I have been working with tech support to resolve a issue with my Edge. When I go to either Netflix or Amazon Prime, I will often get a error message that it is unable to play a movie. When I reboot the Tivo it will go back to working.
This is a issue on my first Edge purchased new in Sept. 2021 and now with my warrantee replacement box.

Issue happens when hard wired to ethernet or wireless, no network issues found.
Good bandwidth with no issues streaming once it is running.
No issues with older Tivo Premier a Tivo Stream 4K or Xfinity cable box on same network.
Will always work after rebooting Edge, may continue to work for a couple days or may not work after going out of streaming and back again.
Never any issues with Tivo +, U tube or other Streaming services.
On a couple of occasions, after rebooting I have had to log back into the services, most time I do not need to do that.
Today was the first time that I had it not run on Netflix but work on Prime
The "More Info" dialogue box for the fault in running Netflix allowed me to look at network settings and test the network. No issues found.

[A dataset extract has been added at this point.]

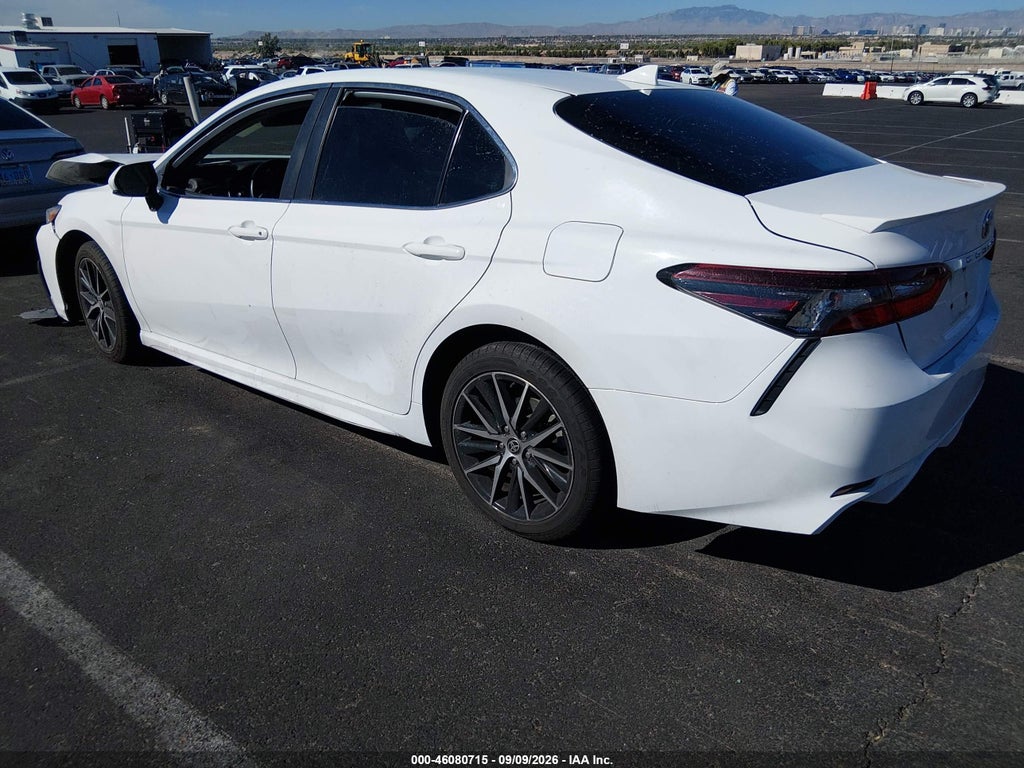 2021 Toyota Camry SE photo 3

I am reaching out to tech support again but thought I would ask the Community for advise. I will be updating this thread as I learn more.

UPDATE
I finished another two phone calls to tech support and still have no issues resolved! The last thing they had me do was a complete reset and run guided setup again. I was hoping to get this case escalated to someone more knowledgeable, support agent said that would be the next step and I would be receiving a email. when I received my email it was just the standard email response. Very frustrating


----------



## FiosUser (Nov 16, 2007)

This sounds exactly like my audio drop issue.

Ended up being a bad cable, but only intermittently. I had even received a replacement Edge. Tech support doesn’t know much for these edge-case issues.

maxing out on streams from other devices at the same time?

Anything else on network starting up or being plugged in at that time? I had this weird issue once where a loop back was happening and only the TiVos were affected 

someone else using your account?

trying to think of stuff not related to the TiVo…


----------



## sdlevin (10 mo ago)

bmwtech said:


> I have been working with tech support to resolve a issue with my Edge. When I go to either Netflix or Amazon Prime, I will often get a error message that it is unable to play a movie. When I reboot the Tivo it will go back to working.
> This is a issue on my first Edge purchased new in Sept. 2021 and now with my warrantee replacement box.
> 
> Issue happens when hard wired to ethernet or wireless, no network issues found.
> ...


I have been dealing with this with Netflix don't use Prime. If I restart the Tivo box it works. As soon as I quit and try say next day I have to restart it. Netflix says its because I have a projector. Tivo had uninstall and reinstall netflix and reset the cache. Nothing has worked.


----------